Bloat (GDV) Emergency
Category: emergency
Bloat, formally known as Gastric Dilatation-Volvulus (GDV), is one of the most life-threatening emergencies in dogs. The stomach fills with gas and fluid (dilatation) and then rotates on its axis (volvulus), trapping contents and cutting off blood flow to the stomach and spleen. Without emergency surgery, GDV is fatal — often within hours. Understanding the risk factors, recognizing early signs, and acting immediately can save your dogs life.
## How GDV Develops
GDV occurs in two stages. First, gastric dilatation (bloat) occurs — the stomach fills with gas, food, or fluid and expands dramatically. In some cases, this resolves on its own (simple bloat). However, if the distended stomach rotates (volvulus), the situation becomes immediately life-threatening. The rotation: traps gas and fluid inside the stomach, cuts off blood supply to the stomach wall (causing tissue death), compresses the vena cava (reducing blood return to the heart), traps the spleen (often causing it to twist as well), causes shock, cardiac arrhythmias, and multi-organ failure.
## Risk Factors
**Breed predisposition:** Large and giant breed dogs with deep, narrow chests are at highest risk. Great Danes have the highest breed-specific risk (up to 42% lifetime risk). Other high-risk breeds include German Shepherds, Standard Poodles, Weimaraners, Irish Setters, Gordon Setters, Saint Bernards, Doberman Pinschers, Basset Hounds, Boxers, and Bloodhounds.
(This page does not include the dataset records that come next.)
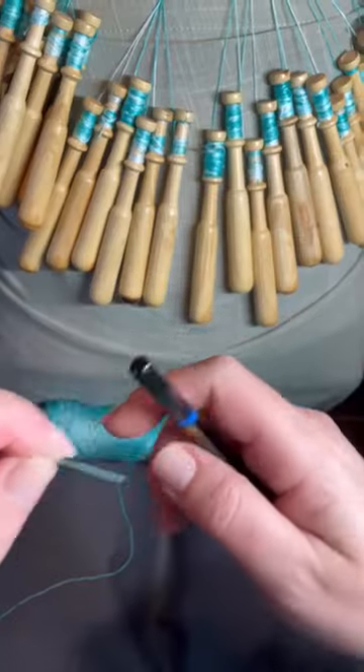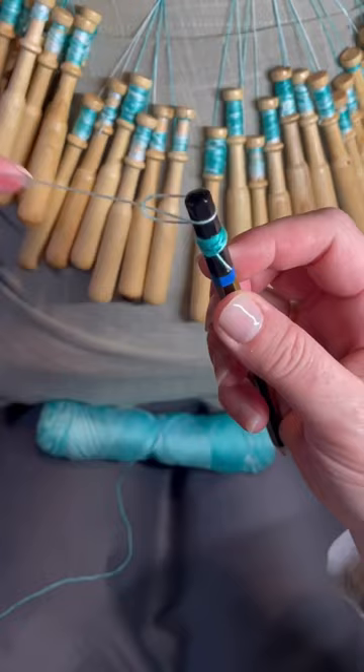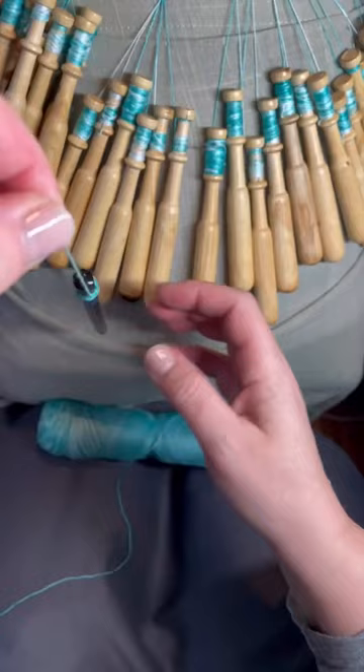Here's a little video to show you that you don't need anything fancy to get started with bobbin lace. Here I'm just using a pencil. I did notice that my slip knot will slip right off the top of my pencil unless I give it a little something to hold on to. So when I create the knot over the already wound up thread it gives it something to grip, and then it works.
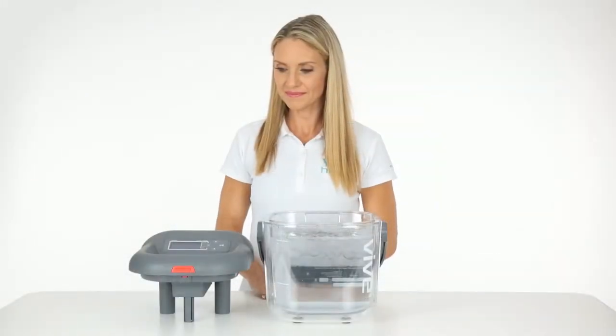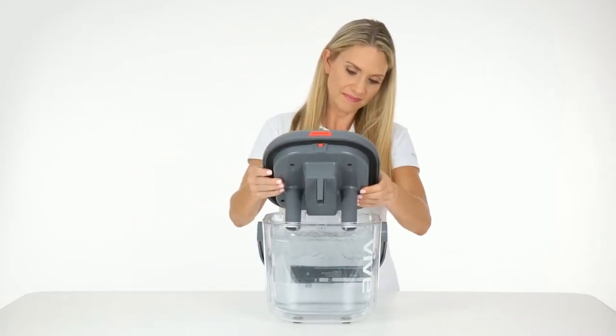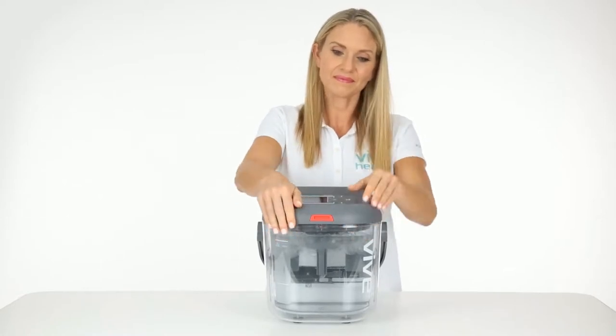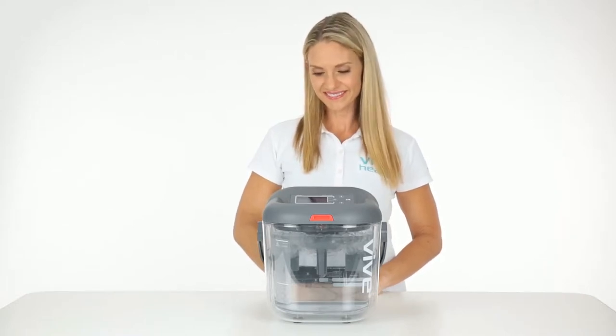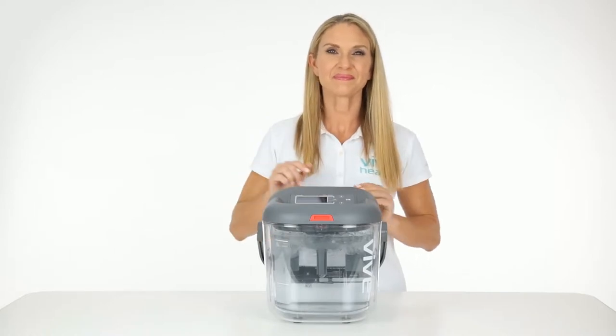To attach the lid, tilt the lid into the grooves of the bucket. Make sure that the clasp is securely latched at the front of the bucket. If the tubes on the lid don't reach down into the water, add more ice or water, but do not exceed the max fill line.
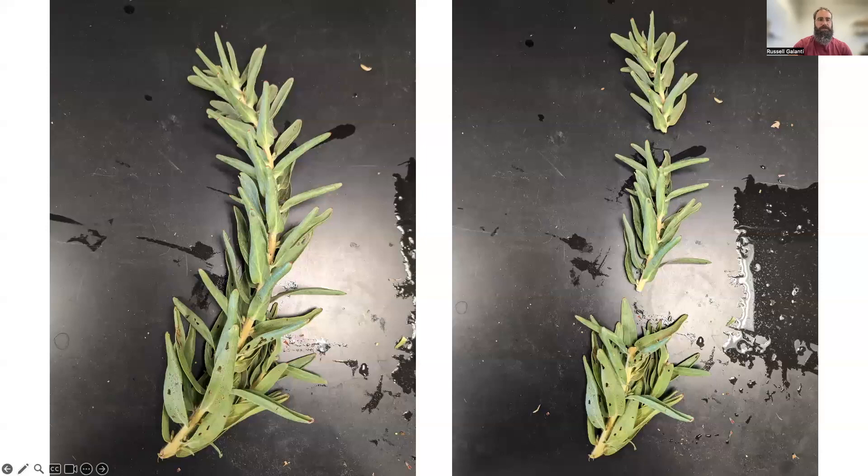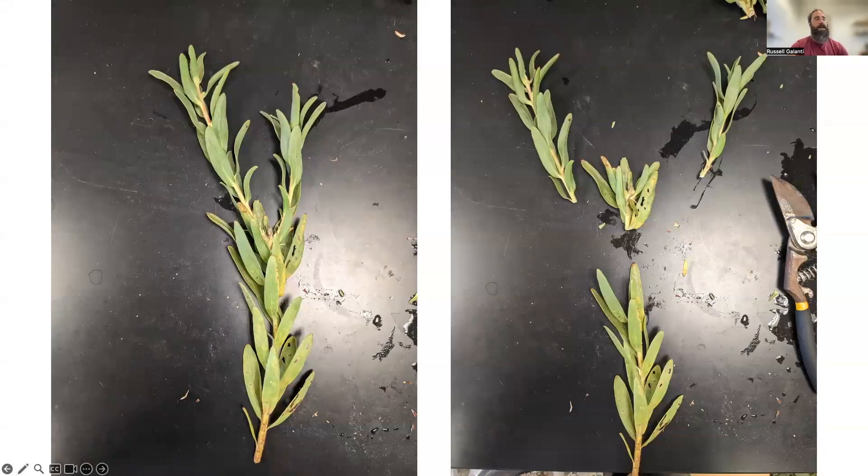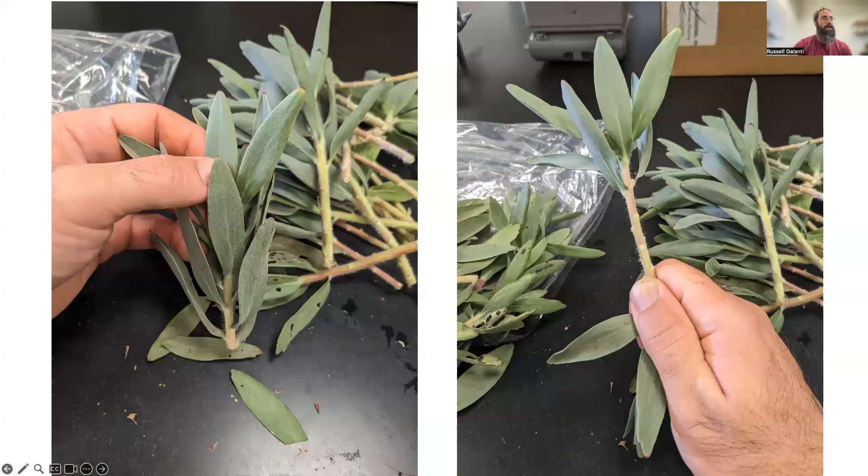If you've got branched stems like the one you're looking at here, you can process it in a similar way. I'll turn each of the branched sections into their own cuttings, and take the bottom and turn it into a cutting itself. You can see this is about six to seven inches, so I'll cut it back, prune off the bottom, and use the top four to five inch section. I discard the branched area — you can attempt to root any of the material, but I like nice clean stems to create good plants.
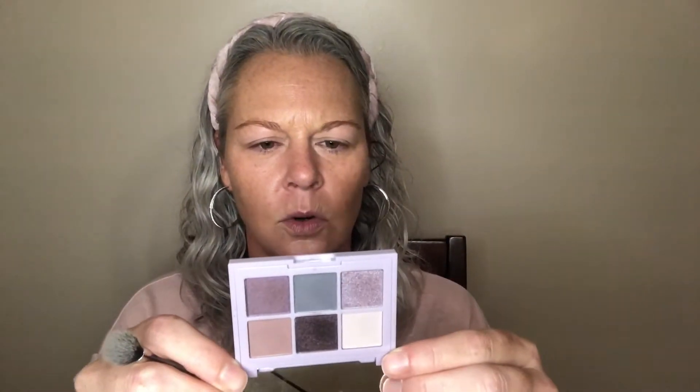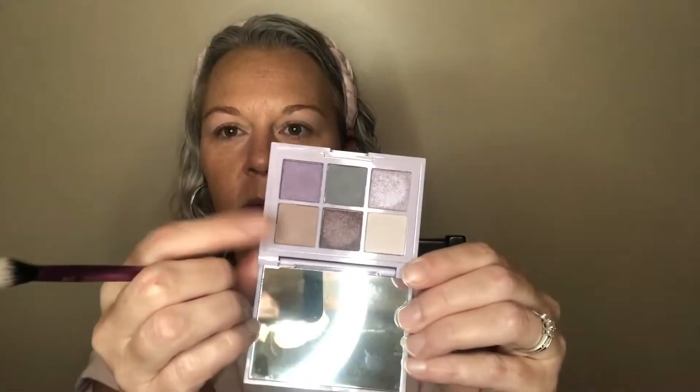We're gonna start with our eyes. I'm going to take this lighter shade called 'Move It' and put that all over my lid as a base to get us started. It has a little bit of a mauve-y tone to it and there's a little kick-up in the pan, but I don't mind that. The most expensive thing I have today is the foundation at $6.99 — the Essence Pretty Natural, which is supposed to be a dupe for the Urban Decay Hydromaniac, but I think I actually prefer the Essence version.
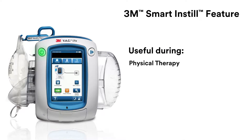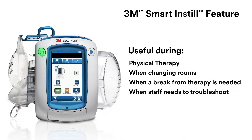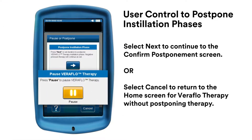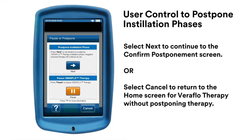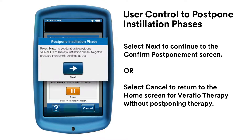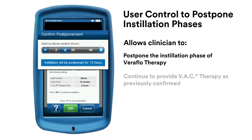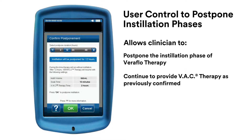Two key features give you control when setting up VeriFlow Therapy. Select the Pause button on the home screen to pause VeriFlow Therapy at any time. To postpone the instillation phase of VeriFlow Therapy, select the Next button. Use the Plus or Minus button to select the amount of time to postpone the instillation phase, then select OK to continue with postponement.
**Other risk factors:** Feeding one large meal per day (vs. 2-3 smaller meals), eating rapidly, exercising vigorously immediately before or after meals, stress or fearful temperament, older age (risk increases with age), having a first-degree relative who had GDV, being underweight, elevated food bowls (controversial — some studies show increased risk), and previous episode of bloat.
## Signs and Symptoms — EVERY MINUTE COUNTS
**Early signs:** Restlessness and inability to get comfortable, pacing and looking at the abdomen, drooling and lip-licking, trying to vomit but producing nothing or only foam (unproductive retching) — THIS IS THE HALLMARK SIGN, and distended/swollen abdomen that feels tight like a drum.
**Progressive signs:** Rapid breathing, pale or grey gums, weak pulse, rapid heart rate, weakness and difficulty standing, and shock (cold ears and extremities, rapid shallow breathing, glazed eyes).
## What to Do
GDV is a RACE AGAINST TIME. Call your nearest emergency veterinary hospital to alert them you are coming. Transport your dog immediately — do not wait to see if it gets better. Do not attempt to relieve the gas at home. Keep your dog as calm and still as possible during transport.
## Emergency Treatment
Treatment involves stabilizing the patient with IV fluids and shock therapy, gastric decompression (relieving gas via tube or trocar), diagnostic X-rays to confirm diagnosis, emergency surgery (gastropexy) to untwist the stomach and permanently attach it to the body wall, assessment of stomach tissue viability (necrotic tissue may require partial gastrectomy), and possible splenectomy if the spleen is compromised.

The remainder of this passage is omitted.